How Spot Instances Work
Spot Instances use AWS's spare EC2 capacity. When you run Spot, you bid for unused capacity. If AWS needs that capacity back, they give you a 2-minute interruption notice, then terminate or stop your instance. In exchange: 60–90% discount vs on-demand prices.
Spot interruption rates are lower than most engineers assume. The average interruption frequency for most instance types in major regions is 5–10% per month. Graviton instance types (arm64) tend to have the lowest interruption rates because they have separate capacity pools.
Workloads That Work Well on Spot
// good for spot
- CI/CD build pipelines
- Batch data processing (Spark, EMR)
- ML training jobs
- Stateless web tier (behind load balancer)
- Video transcoding
- Game servers (with checkpoint support)
- Selenium test grids
// not suitable
- Primary databases
- Single-instance critical services
- Stateful workloads without checkpointing
- Long-running jobs without restart logic
- Anything requiring guaranteed uptime SLA
Handling Interruptions Gracefully
AWS sends a 2-minute interruption notice via instance metadata and EventBridge. Your application must handle this. The pattern:
For batch jobs: checkpoint progress every 5–10 minutes. For stateless web: rely on your load balancer's connection draining. For Kubernetes: use node termination handler (AWS Node Termination Handler Helm chart).
Architecture Patterns
Pattern 1 — Diversified instance fleet: Never use a single instance type. Request 6–10 instance families simultaneously (m5, m5a, m5n, m4, m6i, r5, etc.). If one pool is interrupted, capacity remains in others.

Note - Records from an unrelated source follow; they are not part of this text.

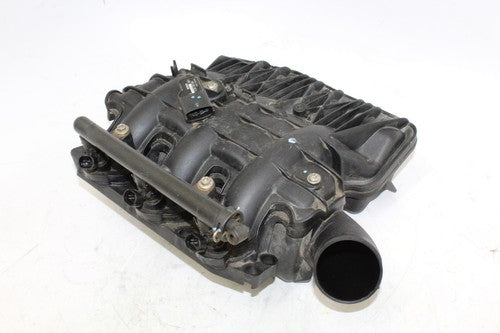 2021 Can-am Spyder Ryker 900 Airbox Air Intake Filter Box *105-MILES!*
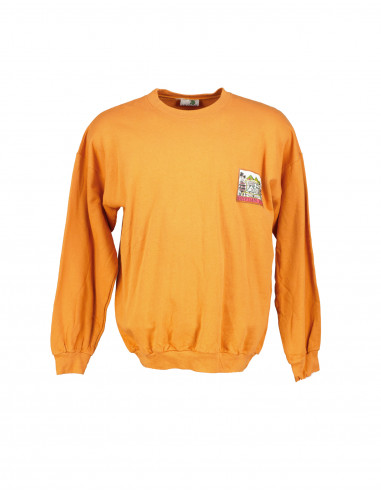 Le Frog men's sweatshirt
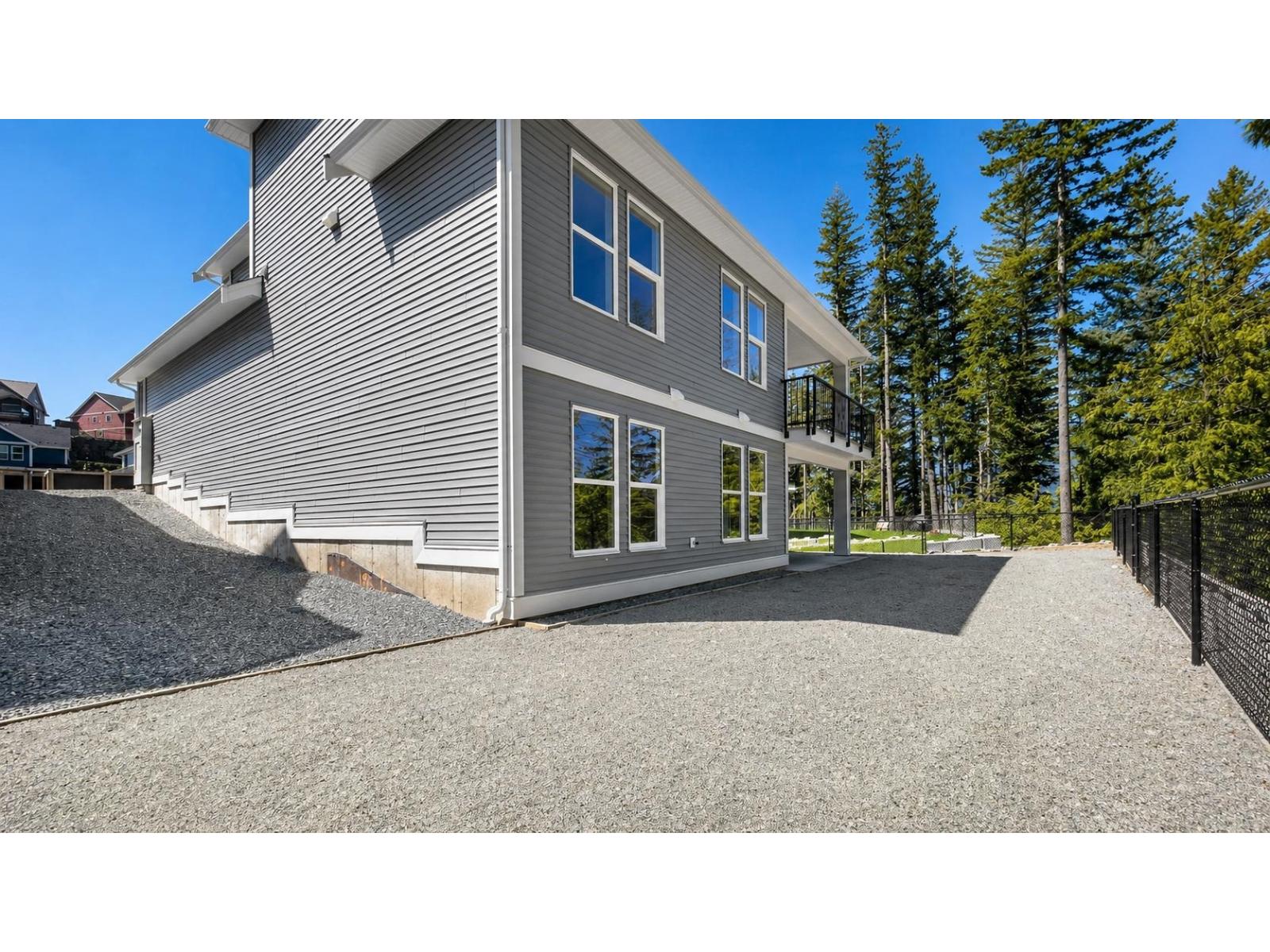 1981 SPARROW HAWK PLACE, Mt Woodside, Agassiz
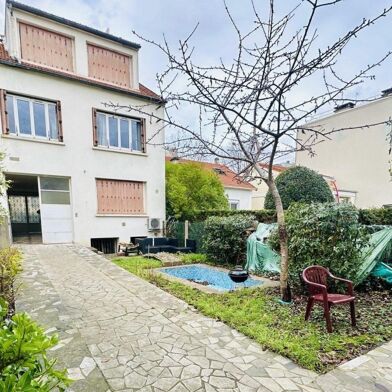 Appartement 4 pièces 1950 €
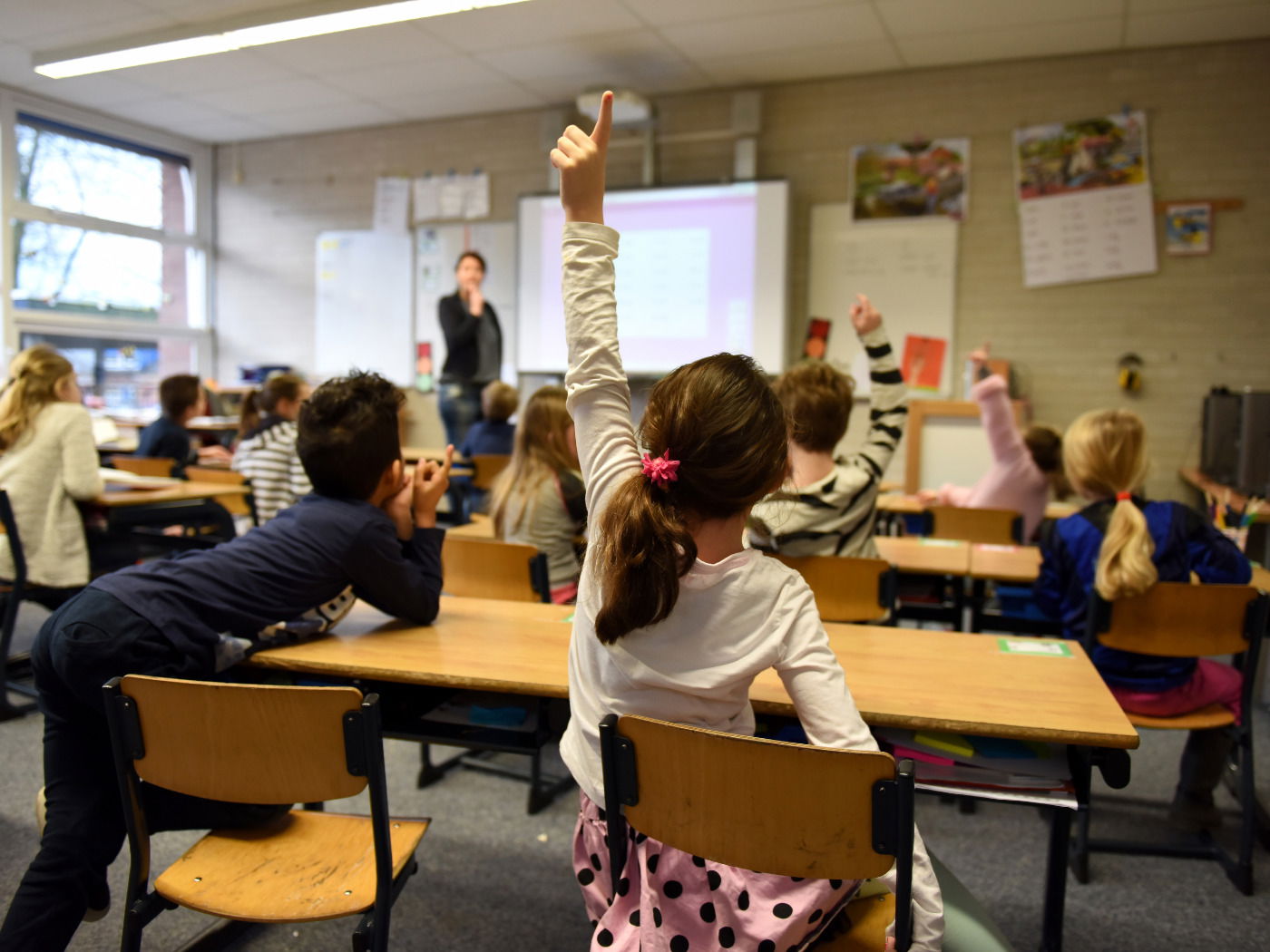 Atividades de Português para o 4º ano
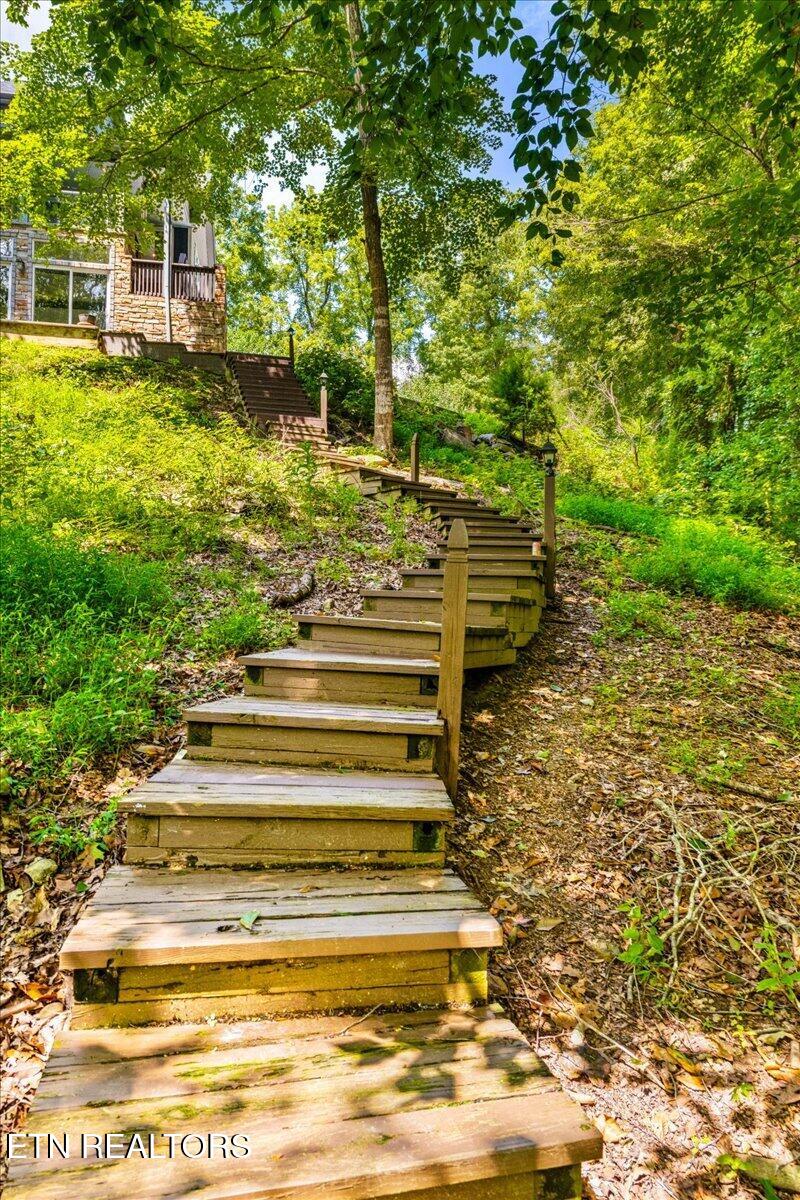 Andersonville TN 37705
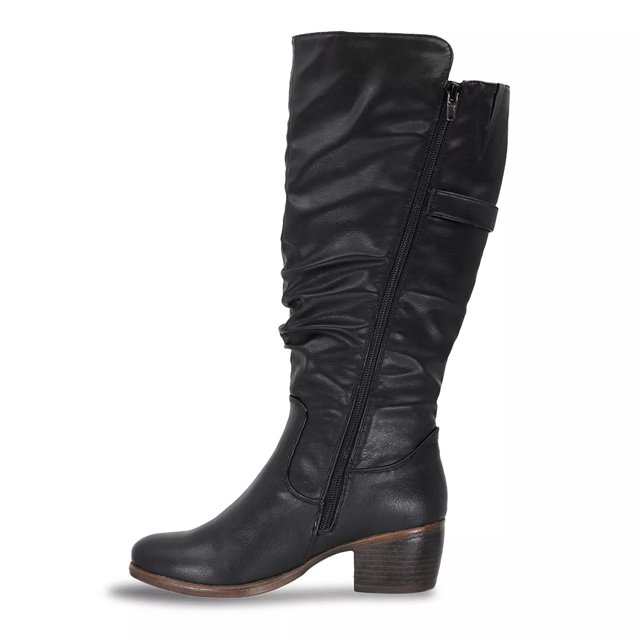 Taxi Boston Waterproof Tall Winter Boot Black 7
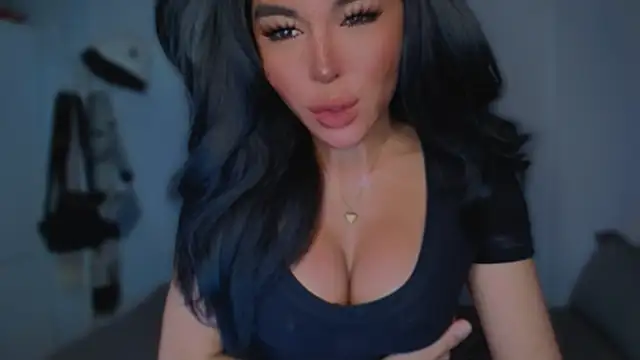 mxshemale ladyboy online show from 03.15.25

Pattern 2 — Spot + On-Demand baseline: Run 20–30% of your fleet as on-demand, 70–80% as Spot. The on-demand instances absorb traffic during Spot interruptions. Net savings: 55–70% vs all on-demand.
Mixed Instance Fleet with Auto Scaling
Use price-capacity-optimized allocation strategy — it picks pools with highest Spot availability, reducing interruption risk more than pure lowest-price selection.